The options that could make sense for correction are:
1/ assume a particular device is most likely to be at fault and regenerated the data on that device
2/ assume parity blocks are most likely to be at fault and regenerate them. This does not have a clear analogue for RAID1 though the closest is "assume the first block is correct and copy it".
3/ assume most blocks are correct and try to find a single update that can fix the inconsistency (the smart approach).
Each of these can be 'best' in different circumstances. Without any knowledge of a particular situation it is not possible to choose between them. Option 2 has a slight advantage for RAID6 in that it will not cause a bad data block - which might have been read - to change a second time. It also have the very real advantage that it is simple and has to be implemented anyway.
Option 1 is trivial for an admin to choose simply by failing that device. This then removes the possibility for a stripe to be inconsistent and this whole discussion no longer applies.
The question then remains, is option 3 something that is worth implementing? Will the conditions that make it the preferred option happen often enough that it could be used, and would a typical admin be able to detect such a condition and thus choose to use it? These are not easy to answer.

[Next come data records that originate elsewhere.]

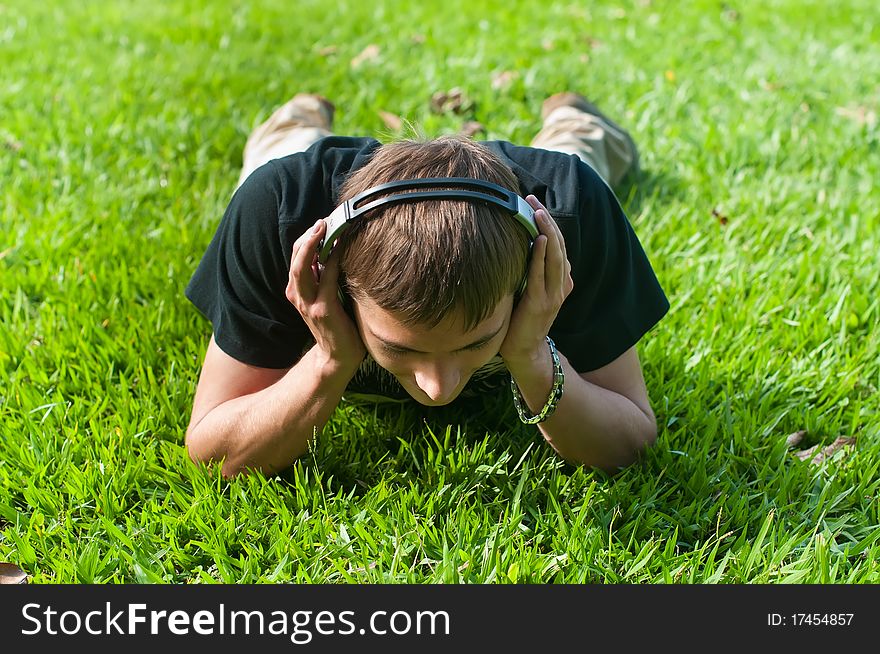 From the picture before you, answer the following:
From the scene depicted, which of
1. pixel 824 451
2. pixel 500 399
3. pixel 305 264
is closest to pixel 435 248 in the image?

Related is the question of how to implement it. There are a few options.
The first is to integrate the smart block comparison in to the already existing resync code with an option to enable either "simple" or "smart". However as mentioned above, this should really be combined with the ability to read and validate whole stripes before serving a read or write request against them. Otherwise you have the very real chance that a data block will appear to change and then change back again.
If such a scheme were implemented (which could be valuable despite its high cost), then including "smart" recovery as an option would make sense.
The next option is to run a normal scrub and log all the stripes which were inconsistent. This list could then be processed in user-space by some program which analyses all the inconsistencies to determine whether it is always just one block per stripe, and whether it is always the same device etc. It could then - possibly with sysadmin confirmation - request the RAID code to reconstruct individual blocks on individual devices as required.
Finally, it could be that once such errors are detected, it is best to stop using the array altogether until things are sorted out. In that case the "smart" recovery could all be done by a user-space program without bothering the in-kernel RAID code.
I think my preferred approach would be the second option. It seems to strike the right balance between being easy to work with, reasonably safe, and reasonably simple.
This would require that the scrub process provides a reliable log of inconsistent stripes, and that the raid code has the option to mark individual blocks as needing recovery. The former is something that we really want anyway, and the latter should fit well with the planned addition of a per-device bad-block-list. It could even be done entirely in user-space by suspending IO to the affected stripe (md already supports that), making the required update, then resuming IO.
Doing most of the work in userspace would allow the affected stripe to be mapped through the filesystem back to a particular file so higher level considerations could be applied to choosing the correct content.
So to conclude the conclusion, I acknowledge that the extra complexity of a "smart" recovery can sometimes be justified. However it should not be automatic, nor a default. It should only be used when an informed sysadmin (or other expert system) has made an explicit choice.